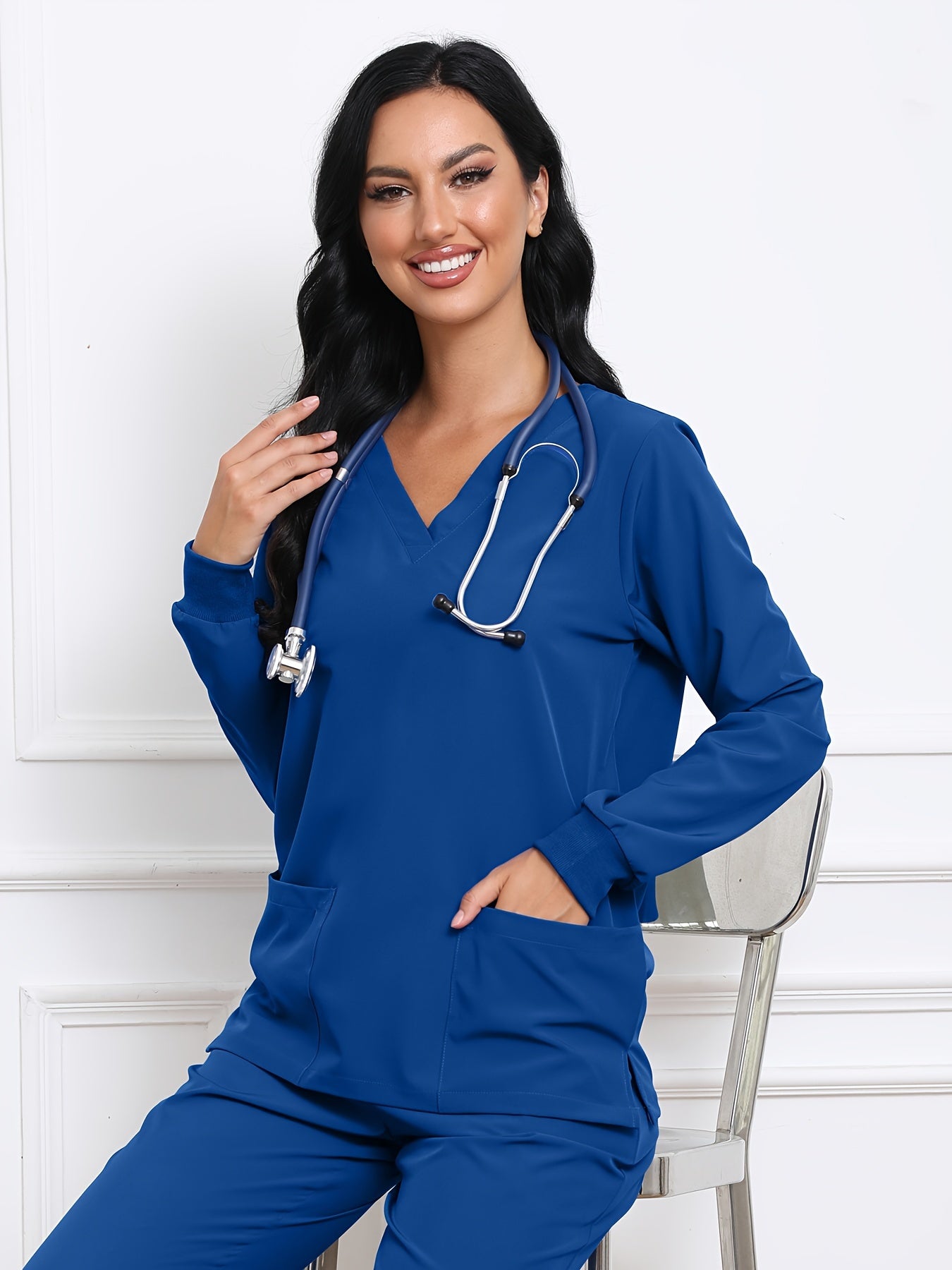 Stylish Women's Long Sleeve Scrubs Top - V Neck, Functional Patched Pockets, Breathable Fabric, Comfortable Fit, Health Care Uniform, Medical Workwear, Easy Care, Machine Washable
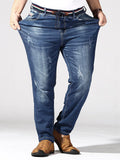 Classic Wash-Effect Front Drawstring Plus Size Loose Stretch Jeans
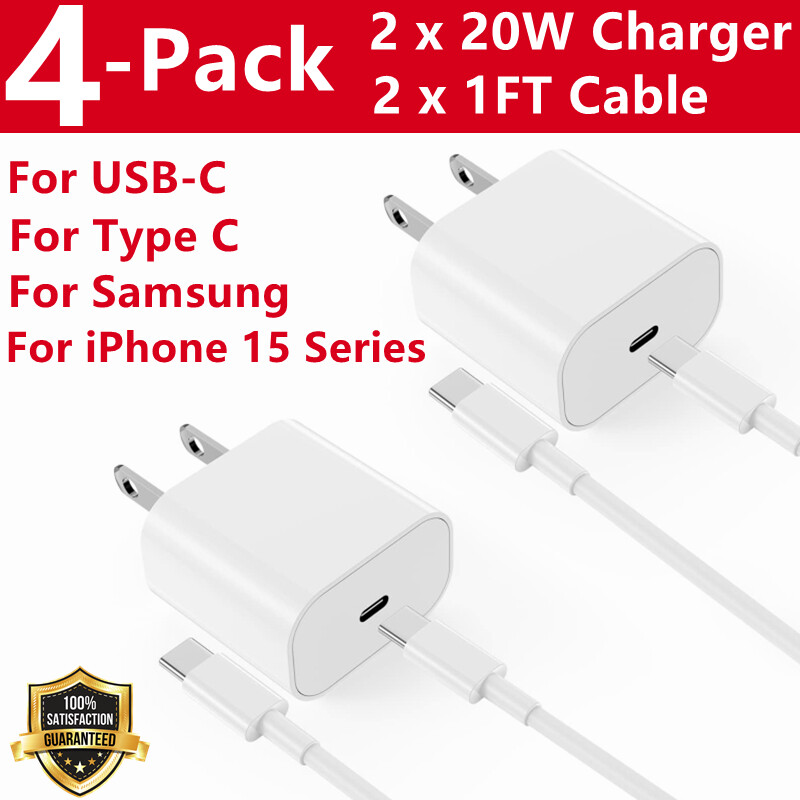 4 Pack Super Fast USB C Charger Universal Type C Cable Data SYNC for 16 Pro Max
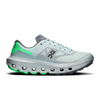 A single On running shoe in a light mint green and gray colorway with bright neon green accents on the heel, midsole, and outsole, shown from a side profile on a white background. - On Cloudvista 3 Shoes (Women's) - Flurry/Verdite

# # # # #

*TO DO*:
Skipping any images, write out all the data exactly.

*TASK ANSWER*:
 Stylish Women's Long Sleeve Scrubs Top - V Neck, Functional Patched Pockets, Breathable Fabric, Comfortable Fit, Health Care Uniform, Medical Workwear, Easy Care, Machine Washable
 Classic Wash-Effect Front Drawstring Plus Size Loose Stretch Jeans
 4 Pack Super Fast USB C Charger Universal Type C Cable Data SYNC for 16 Pro Max
 A single On running shoe in a light mint green and gray colorway with bright neon green accents on the heel, midsole, and outsole, shown from a side profile on a white background. - On Cloudvista 3 Shoes (Women's) - Flurry/Verdite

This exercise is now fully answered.